* [DATA EXTRACT]
- - - - -

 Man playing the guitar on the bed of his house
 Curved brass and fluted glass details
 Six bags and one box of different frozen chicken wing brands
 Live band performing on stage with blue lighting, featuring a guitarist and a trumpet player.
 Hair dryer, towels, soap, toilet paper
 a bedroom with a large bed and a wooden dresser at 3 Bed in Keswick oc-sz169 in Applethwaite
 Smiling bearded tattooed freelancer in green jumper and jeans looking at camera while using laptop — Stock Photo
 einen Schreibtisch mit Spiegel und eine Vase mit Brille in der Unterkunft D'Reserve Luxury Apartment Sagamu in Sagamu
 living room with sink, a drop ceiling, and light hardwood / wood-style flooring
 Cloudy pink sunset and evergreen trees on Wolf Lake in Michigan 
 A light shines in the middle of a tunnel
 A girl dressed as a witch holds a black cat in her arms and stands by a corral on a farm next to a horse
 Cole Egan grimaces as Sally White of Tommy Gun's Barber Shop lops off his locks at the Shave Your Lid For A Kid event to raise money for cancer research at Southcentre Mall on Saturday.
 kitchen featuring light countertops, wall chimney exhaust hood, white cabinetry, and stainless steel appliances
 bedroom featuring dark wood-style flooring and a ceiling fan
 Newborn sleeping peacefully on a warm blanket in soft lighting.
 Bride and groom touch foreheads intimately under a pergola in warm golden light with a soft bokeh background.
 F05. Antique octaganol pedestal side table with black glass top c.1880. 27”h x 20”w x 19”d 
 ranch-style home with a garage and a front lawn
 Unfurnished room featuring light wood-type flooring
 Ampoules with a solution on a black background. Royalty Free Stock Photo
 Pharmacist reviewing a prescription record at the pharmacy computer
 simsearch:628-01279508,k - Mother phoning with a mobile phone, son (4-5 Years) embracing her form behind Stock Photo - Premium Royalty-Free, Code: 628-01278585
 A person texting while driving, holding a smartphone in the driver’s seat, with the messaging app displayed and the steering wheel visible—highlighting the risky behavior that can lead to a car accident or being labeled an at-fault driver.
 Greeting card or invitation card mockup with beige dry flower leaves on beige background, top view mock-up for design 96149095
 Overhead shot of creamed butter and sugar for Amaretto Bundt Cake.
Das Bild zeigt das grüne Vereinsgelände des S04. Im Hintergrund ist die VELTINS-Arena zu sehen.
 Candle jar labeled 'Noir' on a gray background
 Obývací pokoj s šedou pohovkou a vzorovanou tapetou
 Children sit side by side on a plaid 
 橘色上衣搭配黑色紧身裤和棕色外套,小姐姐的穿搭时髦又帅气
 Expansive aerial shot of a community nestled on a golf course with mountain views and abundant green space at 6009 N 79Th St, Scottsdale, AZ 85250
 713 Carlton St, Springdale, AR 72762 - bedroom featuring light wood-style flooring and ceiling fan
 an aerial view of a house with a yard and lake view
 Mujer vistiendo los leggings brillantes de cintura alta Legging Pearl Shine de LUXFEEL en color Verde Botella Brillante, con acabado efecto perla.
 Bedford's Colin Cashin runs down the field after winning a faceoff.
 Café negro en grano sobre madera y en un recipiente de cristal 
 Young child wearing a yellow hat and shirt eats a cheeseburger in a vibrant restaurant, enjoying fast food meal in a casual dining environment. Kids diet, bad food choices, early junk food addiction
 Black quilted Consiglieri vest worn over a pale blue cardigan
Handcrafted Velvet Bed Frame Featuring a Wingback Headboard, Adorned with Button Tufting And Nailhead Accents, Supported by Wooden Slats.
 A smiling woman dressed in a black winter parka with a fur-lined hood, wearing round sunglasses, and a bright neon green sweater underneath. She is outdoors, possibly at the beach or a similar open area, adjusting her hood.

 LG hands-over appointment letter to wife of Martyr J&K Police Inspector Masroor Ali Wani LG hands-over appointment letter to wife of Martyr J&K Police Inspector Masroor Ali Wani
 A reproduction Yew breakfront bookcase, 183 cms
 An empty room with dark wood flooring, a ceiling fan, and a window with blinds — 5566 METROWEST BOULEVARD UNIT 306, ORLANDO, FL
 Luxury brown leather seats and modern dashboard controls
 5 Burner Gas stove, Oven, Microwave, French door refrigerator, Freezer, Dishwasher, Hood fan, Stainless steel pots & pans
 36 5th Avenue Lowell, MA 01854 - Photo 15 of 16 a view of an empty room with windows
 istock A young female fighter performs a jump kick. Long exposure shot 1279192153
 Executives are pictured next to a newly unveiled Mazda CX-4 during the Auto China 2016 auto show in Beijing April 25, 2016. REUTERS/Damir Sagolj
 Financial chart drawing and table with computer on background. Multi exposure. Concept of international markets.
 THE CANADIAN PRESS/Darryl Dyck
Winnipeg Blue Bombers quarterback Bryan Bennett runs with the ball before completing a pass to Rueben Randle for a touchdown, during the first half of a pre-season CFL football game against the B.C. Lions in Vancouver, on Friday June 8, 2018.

- - - - -

* [WHAT IS REQUIRED] From the entries, copy every line in which the word "dressed" occurs.

* [SOLVED PROBLEM]
 A girl dressed as a witch holds a black cat in her arms and stands by a corral on a farm next to a horse
 A smiling woman dressed in a black winter parka with a fur-lined hood, wearing round sunglasses, and a bright neon green sweater underneath. She is outdoors, possibly at the beach or a similar open area, adjusting her hood.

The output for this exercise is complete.